As the 13th most extensive state in the continental US, Utah is premium territory for all things outdoors. The Ute tribe that once populated the region named Utah for its people, the “people of the mountains.” A vast majority of the state is uninhabited, but by no means is it desolate. Here you can find a wealth of rugged terrain that includes canyons, sandy deserts, and dense pine forests in mountain valleys. Check out some of our suggestions for must-see places in the great outdoors of Utah.
Delicate Arch in Arches National Park
One of the best-known trails in Utah, the Delicate Arch trail takes hikers to the famous natural landmark of the state of Utah. Delicate Arch was formed by thousands of years of erosion. The trail begins as a marked path but eventually changes to exposed sandstone that can be troublesome if one is not wearing proper footwear. Follow the rock cairns to a ledge that leads directly to an amazing view of Delicate Arch.
Landscape Arch in Arches National Park
Landscape Arch is almost as familiar and famous as Delicate Arch but provides a different day hike experience. This hike is more family-friendly as it is only two miles long with little elevation change. The path is easy to follow and generally the most popular hike on any given day. The trail cuts through sandstone fins and walls and leads to an open area where the narrow arch is visible at a distance.
Secret Lake near Alta
For the best photographs of beautiful wildflowers, this hike should done in the spring and summer when the flowers are at their peak. This moderately difficult day hike begins in the Albion Basin area near Alta. As the name implies, the final destination remains a secret until the end of the hike. This the perfect spot to rest and relax after this day hike.
Big and Little Water in Millcreek Canyon near Salt Lake City
Millcreek Canyon offers many options for a brisk summer hike when the Salt Lake Valley is too hot for comfort. The Big and Little Water trails offer a variety of different difficulties depending on the hiker’s mood. These trails lead to Dog Lake which offers the perfect spot for some bird watching a picnic. This path is also open to bikes and dogs on certain days.
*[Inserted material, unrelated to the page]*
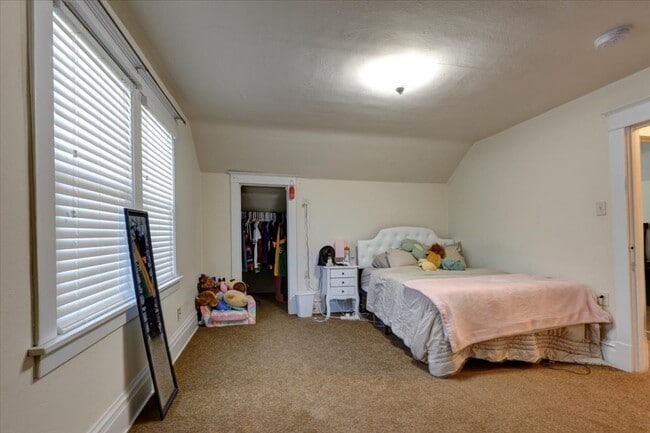 Building Photo - Single Family Home - 4+ Bedroom | 2 Bath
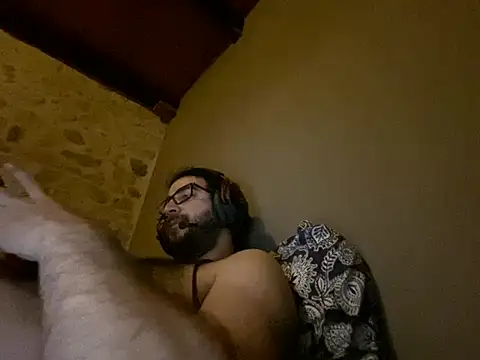 Chat +18 de young_bear06 ao vivo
Paradise Canyon in St. George
On any given day in the spring or summer, hikers may be enthralled watching rock climbers on a nearby climbing wall at the trailhead of this popular day hike. This trail leads through a dry wash that is frequently visited by a government-protected species: the desert tortoise. Visitors should keep an eye out for these creatures and give them plenty of space. This trail has many different options along the way but the main trail is easy to follow due to frequent signs. One of the more popular end points before looping back takes hikers to an impressive view of St. George.